The opinion of the court was delivered by: Denise Cote, District Judge:


The above-captioned actions arise from the 2009 settlement of a securities-law class action against Industrial Enterprises of America ("IEAM") and various individual affiliates of that company (collectively, the "IEAM Defendants"). See Mallozzi v. Industrial Enterprises of America, Inc., et al., 07 Civ. 10321 (DLC) (the "Class Action"). The settlement was memorialized in a Superseding Stipulation and Agreement of Settlement (the "Class Action Settlement Agreement") that received final approval on May 31, 2011. Among other things, the Class Action Settlement Agreement provided that the defendants' insurer would pay a total of $3.2 million into two separate escrow accounts: $2.2 million into an account labeled the "Payment Fund" and $1 million into the "Holdback Fund." Subject to certain limitations, the Holdback Fund may be drawn upon by the IEAM Defendants to fund costs they may incur in connection with "Holdover Proceedings" --that is claims by parties excluded from the settlement class related to the claims that were at issue in the Class Action. In the event the Holdback Fund is not exhausted through Holdover Proceedings, any balance is to be distributed to the settlement class. Nominal Defendant Laurence Rosen, whose firm represented the lead plaintiff in the Class Action, is the escrow agent for the Holdback Fund.

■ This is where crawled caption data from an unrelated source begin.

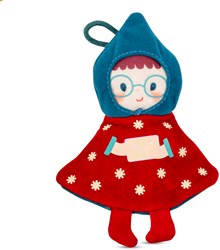 Lilliputiens elfo de Navidad decoración de tela reversible glow-in-the-dark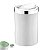 Lixeira 8L Cesto Lixo Plástico Para Cozinha Banheiro Escritório Branco Cromado - 1220BCC Future - Imagem 1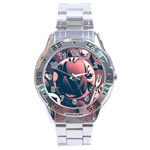 dark thanksgiving dinner Stainless Steel Analogue Watch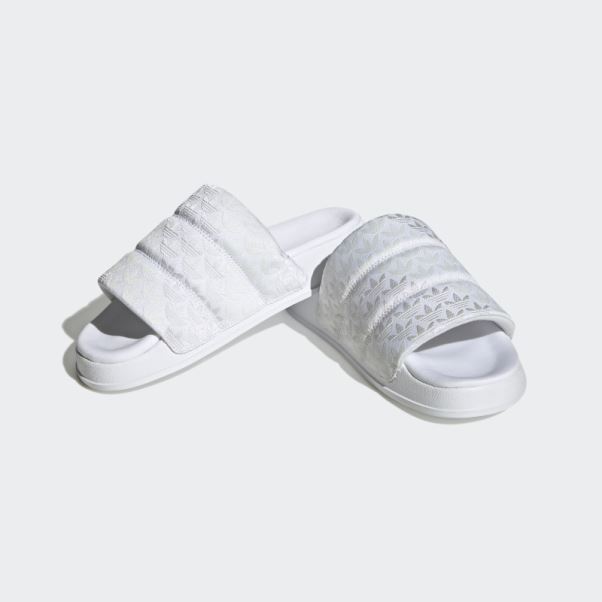 Claquettes Adidas Adilette Essential Blanches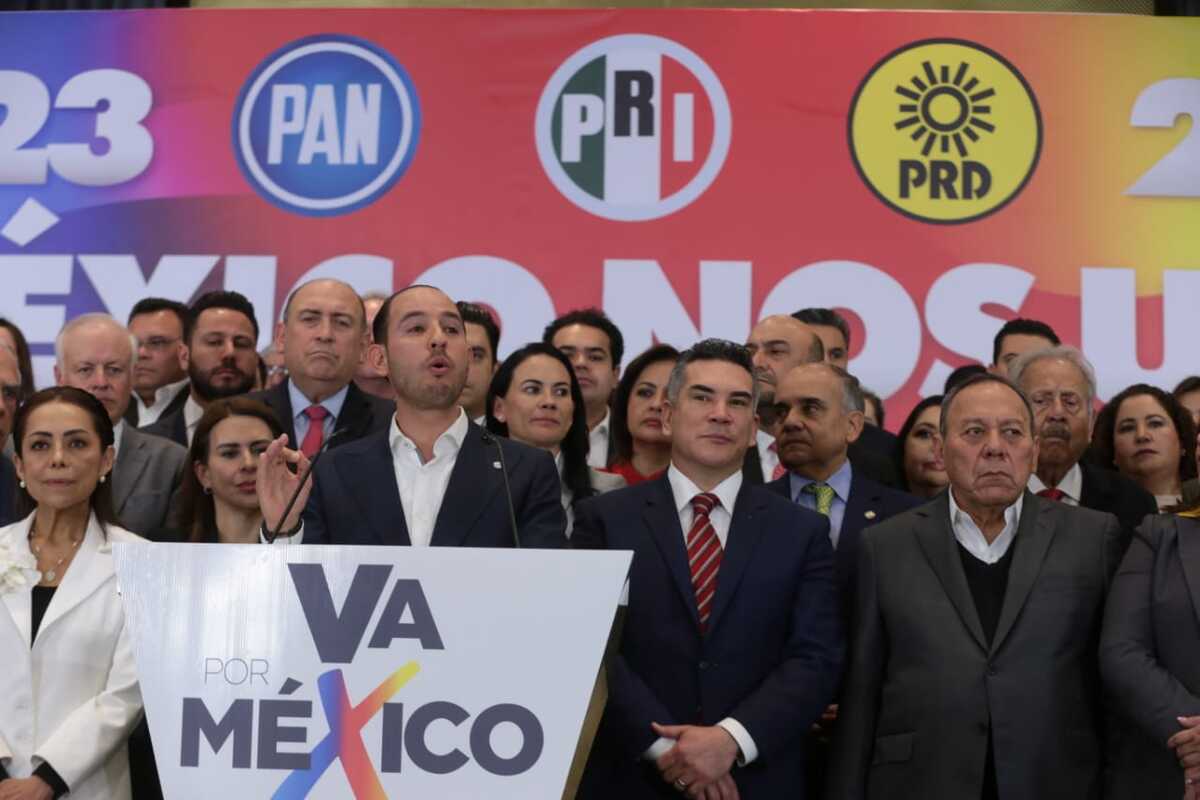 Conferencia de prensa de la alianza Va Por México.│Jesús Quintanar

The plaintiffs in the above-captioned actions were, for varying reasons, not included in the settlement class. Their claims against IEAM are substantially similar to those that were asserted in the Class Action. Because IEAM is bankrupt and its insurance policy has been exhausted, the plaintiffs' best hope for recovery is the Holdback Fund. To protect their interest in the Holdback Fund, the plaintiffs in both cases have joined Rosen as a nominal defendant. As reflected in an Order of May 10, the Court has determined that no funds may be distributed from the Holdback Fund until May 15, 2013, when the universe of potential claimants will be known.

On August 31, Rosen filed a motion to dismiss the complaint in case number 11 Civ. 8836 (DLC). He filed a similar motion in case number 11 Civ. 8470 (DLC) on September 19. Both motions seek dismissal on the ground that the respective complaints fail to state a claim upon which relief can be granted and fail to present a justiciable case or controversy. In case number 11 Civ. 8470 (DLC), Rosen also argues that he has not been properly served and that certain allegations should be stricken pursuant to Rule 11, Fed. R. Civ. P. For the reasons that follow, the motions are denied.


I. Adequacy of the Allegations

Rosen asserts that the complaints do not plead a sufficient basis to name him as a nominal or relief defendant. When a person "'holds the subject matter of the litigation in a subordinate or possessory capacity as to which there is no dispute,'" she may properly be joined as a relief defendant. CFTC v. Walsh, 618 F.3d 218, 225 (2d Cir. 2010) (quoting SEC v. Colello, 139 F.3d 674, 676 (9th Cir. 1998)). "The paradigmatic nominal defendant is a trustee, agent, or depositary who is joined purely as a means of facilitating collection." Colello, 139 F.3d at 676 (citation omitted). Here, the complaints in both cases allege that, as a result of the Class Action Settlement Agreement, Rosen is holding funds in escrow to pay any settlement, judgments or awards in Holdover Proceedings such as these. These funds are effectively the subject matter of these litigations, as there is no dispute that IEAM itself is judgment proof.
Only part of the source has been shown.